The Wheels of Justice . . .

…are apparently square, given how long it has taken for UCLA’s independent investigation to conclude that the use of a Taser on a passively resisting student in the UCLA library was excessive force (from the Chron, subscription required; coverage also available from the LA Times.). Frankly that seemed pretty obvious to anyone who viewed the YouTube footage within hours of the event. The UCLA police have concluded the officers acted within guidelines and would not be disciplined, though it looks as if they will finally bring their guidelines into alignment with most police organizations that limit Taser use to subjects who are violent. The civil trial of the student against UCLA will not begin until early next year.

When we commented on this incident back in 2006 we were reluctant to draw conclusions based solely on a video clip without hearing from the officials involved. But they never spoke up (and, indeed, the report that cleared the officers of misconduct remains secret). Others were surprised and upset that the library didn’t issue any kind of public statement (perhaps ordered by university counsel to keep mum given the ripe-for-litigation nature of the event.) The ALA did respond (as reported by Library Juice), as did the Progressive Librarians Guild.) But that was about it, other than individuals talking about it online.

It remains disturbing to me that a student who simply refused to produce his ID and thus violated a library rule but was not violent could be treated this way in a library and that it would take an institution of higher learning this long to say “huh, that shouldn’t have happened.”

Web 2.0 is celebrated for its ability to “crowdsource” news. News organizations, from CNN to the BBC, solicit reports from the ground these days. Over the past two days I’ve been thinking about this while watching the coverage of the tragic 35W bridge collapse near the University of Minnesota. Seeing news anchors fumble the facts again and again while covering an event hours after it occurred has made me more than ever aware that news is the rough draft of history – and very rough draft indeed. (The New York Times, famous for its voluminous corrections, has been correcting their mistakes on the fly in The Lede.) But having driven that bridge countless times, I wanted to know what they knew, even though the ability of major news organizations to gather news on the fly only as accurate than the observations of witnesses (and, at times, significantly less accurate).
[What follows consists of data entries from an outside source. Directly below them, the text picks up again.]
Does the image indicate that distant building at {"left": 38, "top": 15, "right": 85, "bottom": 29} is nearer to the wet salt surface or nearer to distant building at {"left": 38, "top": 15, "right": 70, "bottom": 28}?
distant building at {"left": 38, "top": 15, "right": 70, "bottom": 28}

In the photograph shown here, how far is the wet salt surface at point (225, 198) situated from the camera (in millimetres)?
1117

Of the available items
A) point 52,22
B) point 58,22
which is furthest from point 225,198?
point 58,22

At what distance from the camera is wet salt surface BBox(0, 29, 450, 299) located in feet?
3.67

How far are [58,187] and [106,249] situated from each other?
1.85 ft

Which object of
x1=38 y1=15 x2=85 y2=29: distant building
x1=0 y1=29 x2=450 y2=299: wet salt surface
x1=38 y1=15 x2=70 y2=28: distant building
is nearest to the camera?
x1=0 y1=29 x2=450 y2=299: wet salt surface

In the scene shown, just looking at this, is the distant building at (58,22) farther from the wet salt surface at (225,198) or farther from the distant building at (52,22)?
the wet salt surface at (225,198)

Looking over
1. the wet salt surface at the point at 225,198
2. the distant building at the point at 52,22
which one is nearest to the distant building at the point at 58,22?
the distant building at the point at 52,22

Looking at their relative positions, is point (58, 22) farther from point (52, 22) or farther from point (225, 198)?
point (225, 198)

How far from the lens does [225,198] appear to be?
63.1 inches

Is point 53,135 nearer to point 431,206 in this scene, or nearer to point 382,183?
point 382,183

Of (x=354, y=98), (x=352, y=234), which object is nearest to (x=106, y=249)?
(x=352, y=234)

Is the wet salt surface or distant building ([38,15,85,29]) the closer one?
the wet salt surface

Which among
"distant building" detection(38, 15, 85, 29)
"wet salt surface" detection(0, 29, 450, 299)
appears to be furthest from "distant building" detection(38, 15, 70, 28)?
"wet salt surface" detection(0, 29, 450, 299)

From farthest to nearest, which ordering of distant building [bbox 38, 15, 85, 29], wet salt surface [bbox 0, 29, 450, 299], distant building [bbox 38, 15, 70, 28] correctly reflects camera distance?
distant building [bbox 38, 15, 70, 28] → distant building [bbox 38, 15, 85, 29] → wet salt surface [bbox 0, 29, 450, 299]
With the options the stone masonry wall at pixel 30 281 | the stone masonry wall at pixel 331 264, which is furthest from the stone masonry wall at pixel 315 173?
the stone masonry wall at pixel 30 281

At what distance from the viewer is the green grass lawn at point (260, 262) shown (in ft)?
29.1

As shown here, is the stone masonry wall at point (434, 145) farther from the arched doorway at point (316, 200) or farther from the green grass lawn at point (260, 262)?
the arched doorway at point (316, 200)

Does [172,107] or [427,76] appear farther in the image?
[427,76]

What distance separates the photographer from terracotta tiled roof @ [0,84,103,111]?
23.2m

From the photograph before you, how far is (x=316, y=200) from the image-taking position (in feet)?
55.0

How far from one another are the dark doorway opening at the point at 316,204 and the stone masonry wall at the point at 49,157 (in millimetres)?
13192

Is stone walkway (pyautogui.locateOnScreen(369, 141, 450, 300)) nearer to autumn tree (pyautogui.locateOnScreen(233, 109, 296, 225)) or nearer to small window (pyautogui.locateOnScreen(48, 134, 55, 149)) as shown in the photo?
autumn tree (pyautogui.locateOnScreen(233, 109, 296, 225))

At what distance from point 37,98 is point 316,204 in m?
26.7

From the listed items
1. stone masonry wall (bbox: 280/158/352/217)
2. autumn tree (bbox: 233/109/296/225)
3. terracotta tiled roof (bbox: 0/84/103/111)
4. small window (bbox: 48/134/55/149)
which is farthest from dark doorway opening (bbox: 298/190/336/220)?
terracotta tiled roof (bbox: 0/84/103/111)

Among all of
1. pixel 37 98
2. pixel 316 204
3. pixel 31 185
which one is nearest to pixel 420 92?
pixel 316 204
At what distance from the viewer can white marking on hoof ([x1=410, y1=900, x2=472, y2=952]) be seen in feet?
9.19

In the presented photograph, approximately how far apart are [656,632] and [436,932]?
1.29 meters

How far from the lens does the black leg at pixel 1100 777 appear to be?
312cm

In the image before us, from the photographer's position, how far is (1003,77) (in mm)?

So when I read this report has finally been issued, it made me think: should it really take this long for a university to respond to such a disturbing incident? Should a library, however implicated in a lawsuit, provide no information to the public at all? Couldn’t a lawyer have vetted a statement to the effect that “we’re concerned, though it’s too soon to draw conclusions” at least? No doubt, the report finally made public is more thorough, complete and thoughtful than a quick response would be. But shouldn’t there have been some response? Or is a student being repeatedly Tasered for noncompliance with a library regulation just not a big deal?

Author: Barbara Fister

I'm an academic librarian at Gustavus Adolphus College in St. Peter, Minnesota. Like all librarians at our small, liberal arts institution I am involved in reference, collection development, and shared management of the library. My area of specialization is instruction, with research interests also in media literacy, popular literacy, publishing, and assessment.

One thought on “The Wheels of Justice . . .”

  1. indeed.

    i really like your juxtaposition of ucla’s extended silence and the conversational mode that were were supposed to inherit in our web 2.0 world.

    shame on ucla, my undergraduate alma mater, for having such slow and silent wheels.